Autograf: bis mindestens 1943 im Besitz von Werner Wittch, danach vermutlich Kriegsverlust
Druck: Folker Göthel, „Louis Spohr als Pädagoge. Zu seinem 100. Todestag am 22. Oktober 1959”, in: Musik im Unterricht 50 (1959), S. 301-304, hier S. 304)

Cassel, den 4. April 1852

Mein lieber junger Kunstbeflissener,

Ihre liebe Zuschrift, die mich recht erfreuet hat, hätte ich sogleich nach deren Empfang beantwortet, wäre ich nicht damals mit einer wichtigen und sehr eiligen Arbeit beschäftigt gewesen1, die alle Zeit, die ich von meinen Berufsgeschäften erübrigen kann, ausschließlich in Anspruch nahm. Nun ist sie beseitigt, und ich kann die ins Stocken gerathene Korrespondenz wieder aufnehmen.
Ihr Brief hat mich erfreuet, weil aus ihm eine recht innige Begeisterung für Musik hervorleuchtet. Halten Sie an ihr fest und ermüden Sie nie in Ihrem Streben, so wird das Ziel nicht unerreicht bleiben! - Sie wünschen von mir zu wissen, welche Musik Sie neben der Schule zunächst noch spielen sollen?
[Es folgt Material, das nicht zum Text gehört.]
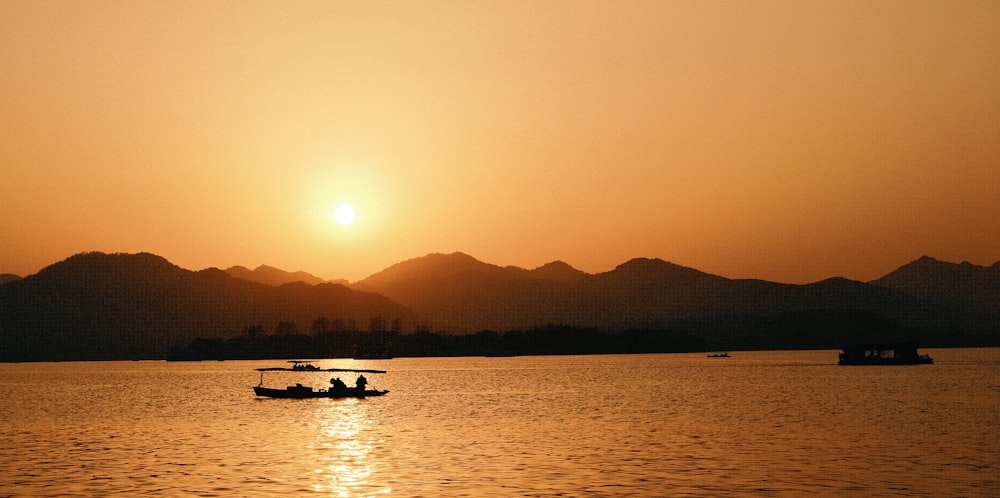 a couple of boats floating on top of a lake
Ich halte dazu die Rode’schen Solo-Quartetten und Konzerte am geeignetsten, dann können Sie sich auch an meinen Solo-Quartetten und Konzerten versuchen. Aber kehren Sie immer von Zeit zu Zeit zu der Schule zurück und ruhen Sie nicht eher, als bis Sie alle Etuden derselben rein, sauber und mit allen vorgeschriebenen Nuancen von Stärke und Schwäche herausbringen können. Das Schwierigste beym Violinspiel ist die vollkommen reine Intonation. Bitten Sie daher Ihren Lehrer, daß er diese beym Unterreicht besonders streng überwache. Bevor Sie die Rode’schen Sachen einüben, muß die Bogeneinteilung in der Weise, wie ich es in der Schule mit dem 7. Konzert gemacht habe2, auch bey den andern Rode’schen Kompositionen von Ihrem Lehrer bezeichnet werden. In früherer Zeit war man in der Bezeichnung der Stricharten und der Vortragsweise sehr nachlässig und überließ alles zu sehr der Wahl des Spielers. Bitten Sie daher Ihren Lehrer, daß er alles was er Sie spielen läßt, vorher in der Weise bezeichne, wie es in der Schule gelehrt ist.
Ich bin einigermaßen in Verlegenheit, was ich Ihnen für ein Werk zum Studium der Theorie empfehlen soll, da mir die neu erschienenen unbekannt sind. Am meisten wird die Kompositionslehre von Marx in Berlin gerühmt3; zu dieser mögte ich daher raten.
Es wird mich freuen, wenn Sie mir von Zeit zu Zeit Nachricht über den Fortgang Ihrer Studien geben wollen. Vieleicht kann ich Ihnen dann noch mit weiterem Rat nützlich seyn.

Hochachtungsvoll Ihr
Dr. Louis Spohr

Autor(en): Spohr, Louis
Adressat(en): Müller, Julius
Erwähnte Personen: Marx, Adolph Berhard
Erwähnte Kompositionen: Rode, Pierre : Konzerte, Vl Orch, op. 9
Spohr, Louis : Faust
Spohr, Louis : Violinschule
Erwähnte Orte:
Erwähnte Institutionen:
Zitierlink: www.spohr-briefe.de/briefe-einzelansicht?m=1852040419

Spohr



Dieser Brief ist die Antwort auf einen derzeit verschollenen Brief von Müller an Spohr.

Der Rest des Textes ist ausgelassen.